Stockholm International School (SIS) provides an international education in English to approximately 700 students aged 3–18 in the heart of Sweden's capital. Offering the International Primary Curriculum and International Baccalaureate Middle Years and Diploma Programmes, the school year takes place between mid-August to mid-June and has a minimal instructional period of 178 days, divided into two semesters. SIS is situated next to St. Johannes Church in the centre of Stockholm. As of 2021, the head of the school is María (Marisa) Isabel León.

History
Gisela Dietz founded the English School, which initially in 1951 occupied a campus on Djurgården. The school had 58 students from 15 countries by the end of that year. The school was renamed to Anglo-American School of Stockholm in 1964 and then to International School of Stockholm in 1978. The student body numbered 288 by 1967, when SIS moved to its current location. The International School of Stockholm sought to have the International Baccalaureate Programme implemented at the school in 2000 and the first IB students started at the school in 2001. In 2004, the school changed its name to Stockholm International School.

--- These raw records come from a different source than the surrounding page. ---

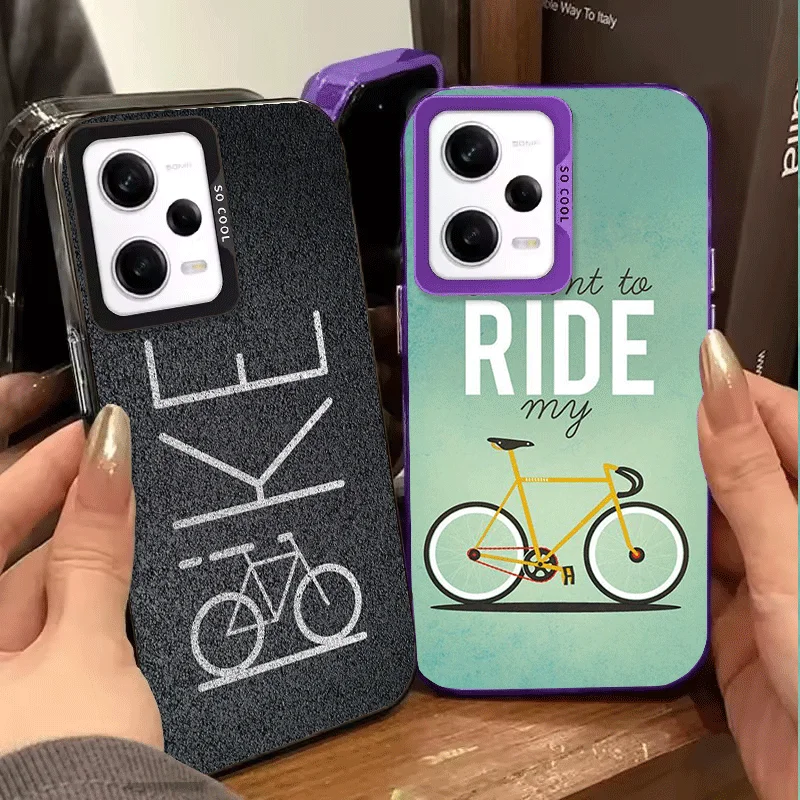 Bicycle Bike Sports Soft Phone Case for Samsung Galaxy S24 S25 FE S26 Edge S23 Ultra S22 Plus S21 + Shockproof Cover Back Shell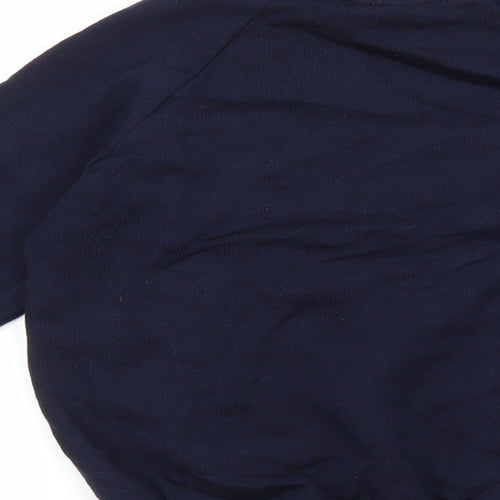 Truform Boys Blue 100% Cotton Pullover Sweatshirt Size 7-8 Years Pullover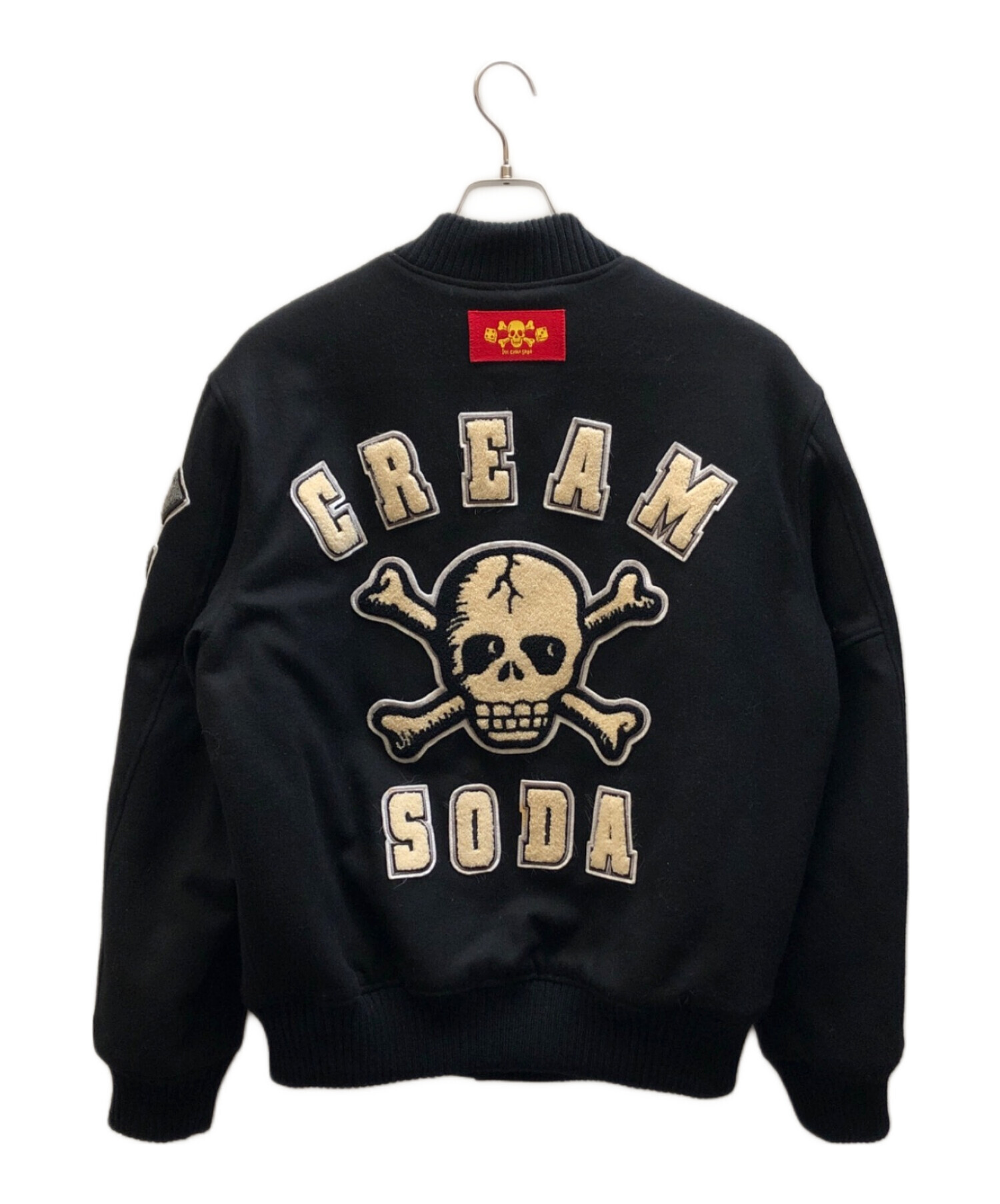 中古・古着通販】CREAM SODA (クリームソーダ) スタジャン ブラック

Curricula at Stockholm International School

The International Primary Curriculum (IPC) - for students aged 3 to 12 - focuses on the development of the whole child in the classroom and in the world outside.

The International Baccalaureate Middle Years Programme (MYP) - for students aged 11 to 16 - provides a framework of academic challenge and life skills, achieved through embracing and transcending traditional school subjects.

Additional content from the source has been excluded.